Fresh off lawmakers’ August break, the chairmen of two House Financial Services subcommittees are gearing up to take a fine-tooth comb on Thursday to the goings-on at the Financial Industry Regulatory Authority and zero in on “Legislative Proposals for a More Efficient Regulatory Regime.”

Among the six bills to be considered by the Financial Institutions and Consumer Credit Subcommittee is the Systemic Risk Designation Improvement Act of 2017, which amends the Dodd-Frank Act’s classification of financial institutions that are considered a systemic risk.

The Capital Markets, Securities and Investment Subcommittee is expected to tackle in its hearing oversight of FINRA, the self-regulator’s current regulatory agenda, the role of self-regulation in the U.S. capital markets, FINRA’s SRO structure and its relationship with and oversight by the Securities and Exchange Commission.

The Senate Banking Committee plans to mark up the same day S. 1463, the Financial Stability Oversight Council Insurance Member Continuity Act, which would adjust the rules that apply to the “independent member” of the Financial Stability Oversight Committee who has insurance expertise. 

Like the Senate bill, companion legislation in the House allows the independent insurance expert to serve up to 18 months.

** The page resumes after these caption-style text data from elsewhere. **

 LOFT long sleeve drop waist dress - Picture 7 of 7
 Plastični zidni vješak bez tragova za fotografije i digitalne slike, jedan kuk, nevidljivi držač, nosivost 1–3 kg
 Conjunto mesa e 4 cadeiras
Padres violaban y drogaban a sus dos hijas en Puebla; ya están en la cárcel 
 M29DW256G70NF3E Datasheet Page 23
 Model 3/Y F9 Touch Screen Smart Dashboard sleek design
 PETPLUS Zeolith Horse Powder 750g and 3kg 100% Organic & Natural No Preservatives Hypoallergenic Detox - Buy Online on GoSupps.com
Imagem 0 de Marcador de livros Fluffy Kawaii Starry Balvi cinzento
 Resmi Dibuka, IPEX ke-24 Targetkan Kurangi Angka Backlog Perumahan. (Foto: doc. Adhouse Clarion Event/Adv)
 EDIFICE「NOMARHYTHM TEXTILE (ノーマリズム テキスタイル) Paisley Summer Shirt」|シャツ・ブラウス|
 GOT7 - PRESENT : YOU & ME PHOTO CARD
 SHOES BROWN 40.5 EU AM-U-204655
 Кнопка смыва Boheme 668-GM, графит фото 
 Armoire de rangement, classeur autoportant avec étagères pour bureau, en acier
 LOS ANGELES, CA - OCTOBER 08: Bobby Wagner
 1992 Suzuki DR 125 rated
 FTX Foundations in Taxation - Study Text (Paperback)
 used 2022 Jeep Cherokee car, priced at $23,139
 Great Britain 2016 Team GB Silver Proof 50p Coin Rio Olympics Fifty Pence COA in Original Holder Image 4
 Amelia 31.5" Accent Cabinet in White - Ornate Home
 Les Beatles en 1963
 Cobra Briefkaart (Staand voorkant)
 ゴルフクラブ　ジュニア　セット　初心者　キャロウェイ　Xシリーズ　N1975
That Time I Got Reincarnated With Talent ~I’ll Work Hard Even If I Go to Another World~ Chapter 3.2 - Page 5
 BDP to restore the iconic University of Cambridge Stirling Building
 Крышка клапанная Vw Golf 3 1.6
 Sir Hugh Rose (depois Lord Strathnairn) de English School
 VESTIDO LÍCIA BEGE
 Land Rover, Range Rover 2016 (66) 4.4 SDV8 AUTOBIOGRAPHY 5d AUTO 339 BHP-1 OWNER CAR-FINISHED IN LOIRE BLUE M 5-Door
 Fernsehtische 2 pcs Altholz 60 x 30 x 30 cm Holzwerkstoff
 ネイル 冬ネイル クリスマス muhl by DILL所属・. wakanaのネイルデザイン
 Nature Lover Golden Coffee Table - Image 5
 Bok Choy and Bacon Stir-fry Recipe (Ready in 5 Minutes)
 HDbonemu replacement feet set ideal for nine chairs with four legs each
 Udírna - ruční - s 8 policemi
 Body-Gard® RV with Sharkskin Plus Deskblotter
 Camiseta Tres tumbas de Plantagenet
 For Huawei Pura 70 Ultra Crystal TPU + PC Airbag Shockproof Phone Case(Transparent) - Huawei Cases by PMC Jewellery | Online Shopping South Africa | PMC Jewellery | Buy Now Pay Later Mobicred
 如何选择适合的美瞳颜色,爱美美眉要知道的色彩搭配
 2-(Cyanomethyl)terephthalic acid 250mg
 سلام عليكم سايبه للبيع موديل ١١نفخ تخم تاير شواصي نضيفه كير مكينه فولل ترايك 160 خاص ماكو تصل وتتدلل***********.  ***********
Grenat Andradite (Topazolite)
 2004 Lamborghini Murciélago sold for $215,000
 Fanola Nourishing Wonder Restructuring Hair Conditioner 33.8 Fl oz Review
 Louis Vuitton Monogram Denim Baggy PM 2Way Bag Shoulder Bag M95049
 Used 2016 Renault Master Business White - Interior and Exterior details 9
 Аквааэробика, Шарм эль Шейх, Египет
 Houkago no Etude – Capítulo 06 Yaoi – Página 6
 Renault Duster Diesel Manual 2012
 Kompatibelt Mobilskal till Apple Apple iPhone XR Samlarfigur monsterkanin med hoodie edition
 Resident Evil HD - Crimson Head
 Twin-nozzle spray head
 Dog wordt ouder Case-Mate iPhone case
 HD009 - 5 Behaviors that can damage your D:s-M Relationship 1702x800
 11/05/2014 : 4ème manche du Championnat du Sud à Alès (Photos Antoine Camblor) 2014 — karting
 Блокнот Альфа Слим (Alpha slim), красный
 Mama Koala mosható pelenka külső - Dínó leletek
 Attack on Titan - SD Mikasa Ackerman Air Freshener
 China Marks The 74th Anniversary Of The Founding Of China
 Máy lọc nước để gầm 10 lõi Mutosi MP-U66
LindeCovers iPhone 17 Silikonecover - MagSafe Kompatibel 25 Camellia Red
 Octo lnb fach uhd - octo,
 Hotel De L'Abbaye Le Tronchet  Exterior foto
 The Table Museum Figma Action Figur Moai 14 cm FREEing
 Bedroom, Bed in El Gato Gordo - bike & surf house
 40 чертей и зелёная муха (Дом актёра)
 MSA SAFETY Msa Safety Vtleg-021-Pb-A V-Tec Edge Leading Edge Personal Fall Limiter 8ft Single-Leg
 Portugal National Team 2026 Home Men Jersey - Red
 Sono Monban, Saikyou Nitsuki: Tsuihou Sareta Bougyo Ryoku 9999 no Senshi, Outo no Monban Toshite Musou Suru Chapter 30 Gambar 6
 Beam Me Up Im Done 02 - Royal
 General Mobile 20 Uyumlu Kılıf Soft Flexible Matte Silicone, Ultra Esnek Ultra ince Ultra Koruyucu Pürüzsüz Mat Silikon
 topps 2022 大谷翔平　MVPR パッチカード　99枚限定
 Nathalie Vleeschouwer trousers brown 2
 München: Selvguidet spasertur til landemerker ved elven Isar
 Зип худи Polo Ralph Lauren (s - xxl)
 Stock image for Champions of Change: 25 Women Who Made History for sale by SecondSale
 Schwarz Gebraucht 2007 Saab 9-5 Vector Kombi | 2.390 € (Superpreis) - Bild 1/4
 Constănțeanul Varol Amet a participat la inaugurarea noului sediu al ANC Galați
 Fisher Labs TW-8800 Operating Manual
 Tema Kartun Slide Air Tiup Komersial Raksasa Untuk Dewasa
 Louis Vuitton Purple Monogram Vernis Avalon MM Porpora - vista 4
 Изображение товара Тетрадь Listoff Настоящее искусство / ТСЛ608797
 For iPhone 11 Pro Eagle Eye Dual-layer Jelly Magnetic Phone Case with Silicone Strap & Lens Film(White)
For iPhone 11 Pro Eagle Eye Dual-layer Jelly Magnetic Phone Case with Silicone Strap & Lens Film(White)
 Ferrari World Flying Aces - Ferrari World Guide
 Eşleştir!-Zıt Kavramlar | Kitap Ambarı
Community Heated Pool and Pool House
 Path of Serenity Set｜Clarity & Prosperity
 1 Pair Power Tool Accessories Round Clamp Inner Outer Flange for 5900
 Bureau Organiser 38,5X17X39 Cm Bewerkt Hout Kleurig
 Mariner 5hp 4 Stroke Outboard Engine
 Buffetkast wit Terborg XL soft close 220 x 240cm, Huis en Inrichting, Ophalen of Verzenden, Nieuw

Enacting H.R. 3110, the Financial Stability Oversight Council Insurance Member Continuity Act, sponsored by Reps. Randy Hultgren, R-Ill., and Maxine Waters, D-Calif., “would not significantly increase net direct spending or on-budget deficits in any of the four consecutive 10-year periods beginning in 2028,” according to a recently released Congressional Budget Office analysis.